Bomb the Grenadines! Overrun Tonga! Liberate Liberia! Invade Grenada again, not to toss out the communists but to overthrow the capitalists!

But isn’t there such a thing as national sovereignty anymore? The answer is no, says the Washington Post: "Sovereignty cannot be an absolute defense of harmful behavior that spills across borders." But in this case, the "harmful behavior" is a leak in Western governments’ otherwise ironclad system of looting. Obviously, the people who use the services offered by these countries benefit from them.

Even those who do not use their services benefit from the competition these countries provide to the high-tax regimes of the developed world. Because tax havens exist, governments in the OECD face at least some potential penalty for raising tax rates to too high a level. If rich governments don’t like the competition from these countries, there is an easy way out: lower tax rates to make evasion less profitable. The competition also helps poor nations understand that low taxes are the best means to attracting investment.

Instead, the OECD wants to go the other way, and create a world cartel of tax prisons, where money can go nowhere but through state-approved channels so the power elite can take its high percentage. Meanwhile, these same governments presume to prosecute private businesses for attempting to collude in their operations. Isn’t it obvious that the biggest and most dangerous cartel of all is the one that rich governments are attempting to create among themselves at the expense of their citizens?

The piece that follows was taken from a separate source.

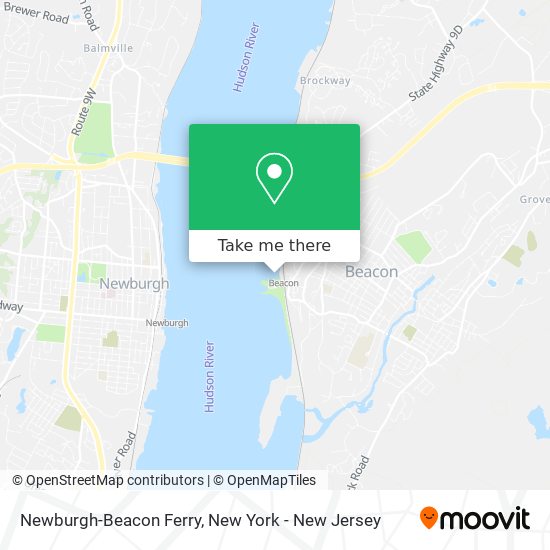 Newburgh-Beacon Ferry map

This OECD is very dangerous to poor nations as well. They have little capital on which to build prosperity. They have low rates of labor productivity to generate income and attract business. Instead, the only way they can get ahead economically is by exploiting their comparative advantages relative to developed nations. And what are those advantages? Lower regulations, cheaper labor costs, lower taxes, and better banking laws.

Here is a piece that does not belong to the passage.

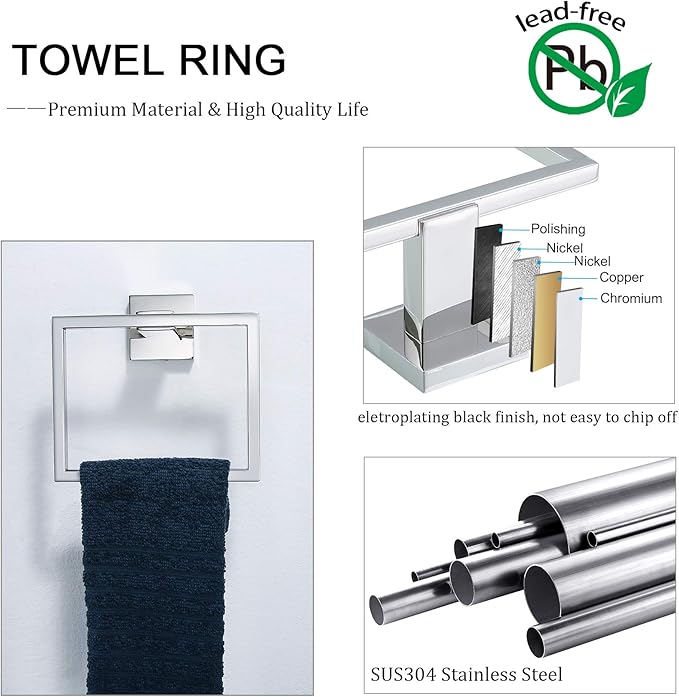 Bathroom Hardware Accessories Set Polished Chrome Towel Bar Sets Include Towel Bar Towel Holder Toilet Paper Holder Towel Hook,5 Pieces Stainless Steel Wall Mounted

In each case, rich nations are attempting to steal those advantages. We’ve seen the World Trade Organization attempting to rachet-up environmental regulations on poor countries. It was on this basis that ministers from the developing world walked away from the WTO meetings at Seattle. The International Labor Organization is trying to enact pro-labor union sanctions against low-wage countries. The World Bank is trying to pry open their banking system under the excuse of demanding "transparency." And now the OECD is trying to take away their tax and banking advantages.

In neither the OECD report nor the Washington Post editorial can you find a word about the harm such "upward harmonization" of laws would cause poor countries like Vanuatu. Without its banking center, the country would immediately collapse into total poverty, all so greedy Western governments could get more tax revenue. The rich countries will respond by providing "development" aid, a bribe to local politicians to obey rich governments in all matters.

These little havens of tax liberation benefit everyone who matters: the citizens who use the banking services, the citizens who don’t because their governments face some degree of competition, the banks that provide the services, and the poor countries who profit from more capitalism as a means toward economic development. Who loses? Bloated governments in the OECD. In the war on Vanuatu, is there any doubt about what side is right?

Llewellyn H. Rockwell, Jr., is president of the Ludwig von Mises Institute in Auburn, Alabama. He also edits a daily news site, LewRockwell.com.